Dünyanın öteki ucunda “petrol zengini” bir
ülke: Venezuela
Petrol zengini
ama yoksulluğun ve istikrarsızlığın pençesinde.
1998’den beri Bolivarcı
hükümetler tarafından yönetiliyor.
1998’de iktidara gelen Hugo
Chavez, petrol fiyatlarının da artmasıyla ülkedeki
yoksulluğu yarı yarıya azaltmış ve büyük bir halk desteğini
arkasına almıştı.
Sadece Venezuela’nın değil, Latin
Amerika’nın kahramanlarından biri olan Simon
Bolivar’ın fikirlerini esas alan, ABD’nin
düşman gördüğü Küba, Bolivya, İran gibi ülkelerle
ilişkilerini geliştiren Chavez, defalarca
ABD destekli darbe girişimlerinin hedefi oldu.
Bütün girişimleri halkın desteği ile savmayı başardı.

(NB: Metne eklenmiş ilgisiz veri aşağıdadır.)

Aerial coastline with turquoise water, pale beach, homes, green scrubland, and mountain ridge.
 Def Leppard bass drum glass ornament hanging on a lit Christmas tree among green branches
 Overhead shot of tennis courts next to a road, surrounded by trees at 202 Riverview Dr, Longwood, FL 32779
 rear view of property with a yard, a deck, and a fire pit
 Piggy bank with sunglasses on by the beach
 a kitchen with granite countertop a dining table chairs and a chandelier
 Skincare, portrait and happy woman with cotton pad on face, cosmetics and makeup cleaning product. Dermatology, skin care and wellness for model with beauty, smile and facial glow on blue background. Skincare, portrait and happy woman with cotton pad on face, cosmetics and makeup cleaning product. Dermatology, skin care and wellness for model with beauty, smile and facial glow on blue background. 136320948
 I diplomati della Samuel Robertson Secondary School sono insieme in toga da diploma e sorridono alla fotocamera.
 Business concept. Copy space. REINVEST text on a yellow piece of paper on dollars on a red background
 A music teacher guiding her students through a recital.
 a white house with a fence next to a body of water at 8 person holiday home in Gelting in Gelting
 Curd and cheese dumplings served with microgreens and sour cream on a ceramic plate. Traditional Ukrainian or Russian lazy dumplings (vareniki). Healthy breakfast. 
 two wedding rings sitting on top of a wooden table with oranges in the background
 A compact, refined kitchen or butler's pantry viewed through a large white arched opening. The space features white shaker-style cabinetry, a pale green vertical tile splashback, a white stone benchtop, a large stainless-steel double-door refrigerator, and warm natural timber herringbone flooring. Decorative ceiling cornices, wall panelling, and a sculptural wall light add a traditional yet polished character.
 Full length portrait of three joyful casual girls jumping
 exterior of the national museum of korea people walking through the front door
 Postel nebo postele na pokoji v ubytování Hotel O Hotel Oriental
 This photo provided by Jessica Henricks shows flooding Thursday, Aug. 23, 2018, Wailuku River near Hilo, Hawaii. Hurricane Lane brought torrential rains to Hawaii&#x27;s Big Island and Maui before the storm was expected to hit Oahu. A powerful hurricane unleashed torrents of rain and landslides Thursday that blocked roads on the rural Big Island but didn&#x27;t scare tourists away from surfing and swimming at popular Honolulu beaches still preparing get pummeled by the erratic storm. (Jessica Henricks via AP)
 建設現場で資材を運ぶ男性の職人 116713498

2013’te kansere yenik düşmeden önce, yardımcısı
Nicolas Maduro’yu varisi ilan etmişti.
Maduro da seçimleri kazanarak
Bolivarcı hükümeti devam ettirmeye başladı. Ancak,
petrol fiyatlarındaki ani ve sert düşüşler, petrole dayalı ülke
ekonomisini altüst etti. ABD’nin öncülük ettiği
ekonomik yaptırımlar ile ülkeyi kasıp kavuran
“hiperEnflasyon” Venezuela para birimi
Bolivar’ı yerle bir etti. Ülkede yoksulluk oranı
yüzde 80’lere çıktı. Temel gıda ürünleri ve ilaç kıtlığı yaşanmaya
başlandı. Milyonlarca Venezuelalı göç etmek zorunda
kaldı.
ABD’nin oluşmasına katkıda bulunduğu ve
Bolivarcı Maduro hükümetini
yıkmak için fırsata çevirdiği bu fotoğraf, muhalefetin
güçlenmesini, protesto gösterilerinin büyümesini sağladı.
Son gösterilerde 14 kişinin ölmesi,
Venezuela’yı yeniden Amerika kıtasının gündemi,
Maduro’yu da karşıtlarının hedefi haline...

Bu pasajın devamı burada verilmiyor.